Top of PROVIDED DATA

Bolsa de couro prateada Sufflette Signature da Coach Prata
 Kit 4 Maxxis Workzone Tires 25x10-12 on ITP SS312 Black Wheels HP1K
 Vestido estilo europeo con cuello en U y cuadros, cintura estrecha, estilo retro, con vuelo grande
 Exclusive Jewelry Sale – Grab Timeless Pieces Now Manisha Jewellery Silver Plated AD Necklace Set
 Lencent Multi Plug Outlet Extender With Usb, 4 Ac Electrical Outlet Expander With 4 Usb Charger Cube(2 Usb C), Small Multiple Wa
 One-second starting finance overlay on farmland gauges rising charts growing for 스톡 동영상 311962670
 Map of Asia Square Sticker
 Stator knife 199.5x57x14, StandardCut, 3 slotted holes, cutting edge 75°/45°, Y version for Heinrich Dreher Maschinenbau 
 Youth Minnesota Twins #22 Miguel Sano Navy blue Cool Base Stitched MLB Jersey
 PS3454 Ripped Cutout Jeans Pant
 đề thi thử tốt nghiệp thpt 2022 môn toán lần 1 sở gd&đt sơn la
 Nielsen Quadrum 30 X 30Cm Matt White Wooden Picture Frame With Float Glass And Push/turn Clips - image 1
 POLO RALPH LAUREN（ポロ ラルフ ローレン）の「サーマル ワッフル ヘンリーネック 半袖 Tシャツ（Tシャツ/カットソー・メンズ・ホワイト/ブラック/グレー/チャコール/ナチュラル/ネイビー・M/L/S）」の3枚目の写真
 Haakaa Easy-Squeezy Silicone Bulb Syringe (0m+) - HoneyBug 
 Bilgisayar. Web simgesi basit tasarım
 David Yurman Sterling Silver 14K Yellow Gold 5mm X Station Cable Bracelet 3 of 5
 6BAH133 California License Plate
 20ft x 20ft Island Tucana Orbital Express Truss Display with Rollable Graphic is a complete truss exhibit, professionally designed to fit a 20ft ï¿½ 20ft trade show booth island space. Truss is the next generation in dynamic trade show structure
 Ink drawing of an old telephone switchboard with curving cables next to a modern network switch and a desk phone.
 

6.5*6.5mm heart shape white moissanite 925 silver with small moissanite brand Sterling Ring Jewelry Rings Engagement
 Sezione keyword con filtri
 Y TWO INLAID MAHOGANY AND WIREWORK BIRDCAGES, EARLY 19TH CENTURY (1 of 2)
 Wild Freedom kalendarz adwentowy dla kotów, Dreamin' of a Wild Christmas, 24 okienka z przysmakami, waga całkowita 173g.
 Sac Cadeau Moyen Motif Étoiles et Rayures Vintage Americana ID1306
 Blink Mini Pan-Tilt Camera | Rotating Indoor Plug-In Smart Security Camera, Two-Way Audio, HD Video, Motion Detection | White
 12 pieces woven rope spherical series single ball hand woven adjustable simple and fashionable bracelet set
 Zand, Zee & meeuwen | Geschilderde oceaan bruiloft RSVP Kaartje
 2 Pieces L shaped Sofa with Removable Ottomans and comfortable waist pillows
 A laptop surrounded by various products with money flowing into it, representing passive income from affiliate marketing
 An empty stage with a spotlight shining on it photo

Bottom of PROVIDED DATA

## EXERCISE DESCRIPTION
Could you copy exactly the lines from the first line of the records above through the line containing "6BAH133 California License Plate", both included, and nothing else?

## SOLUTION
Bolsa de couro prateada Sufflette Signature da Coach Prata
 Kit 4 Maxxis Workzone Tires 25x10-12 on ITP SS312 Black Wheels HP1K
 Vestido estilo europeo con cuello en U y cuadros, cintura estrecha, estilo retro, con vuelo grande
 Exclusive Jewelry Sale – Grab Timeless Pieces Now Manisha Jewellery Silver Plated AD Necklace Set
 Lencent Multi Plug Outlet Extender With Usb, 4 Ac Electrical Outlet Expander With 4 Usb Charger Cube(2 Usb C), Small Multiple Wa
 One-second starting finance overlay on farmland gauges rising charts growing for 스톡 동영상 311962670
 Map of Asia Square Sticker
 Stator knife 199.5x57x14, StandardCut, 3 slotted holes, cutting edge 75°/45°, Y version for Heinrich Dreher Maschinenbau 
 Youth Minnesota Twins #22 Miguel Sano Navy blue Cool Base Stitched MLB Jersey
 PS3454 Ripped Cutout Jeans Pant
 đề thi thử tốt nghiệp thpt 2022 môn toán lần 1 sở gd&đt sơn la
 Nielsen Quadrum 30 X 30Cm Matt White Wooden Picture Frame With Float Glass And Push/turn Clips - image 1
 POLO RALPH LAUREN（ポロ ラルフ ローレン）の「サーマル ワッフル ヘンリーネック 半袖 Tシャツ（Tシャツ/カットソー・メンズ・ホワイト/ブラック/グレー/チャコール/ナチュラル/ネイビー・M/L/S）」の3枚目の写真
 Haakaa Easy-Squeezy Silicone Bulb Syringe (0m+) - HoneyBug 
 Bilgisayar. Web simgesi basit tasarım
 David Yurman Sterling Silver 14K Yellow Gold 5mm X Station Cable Bracelet 3 of 5
 6BAH133 California License Plate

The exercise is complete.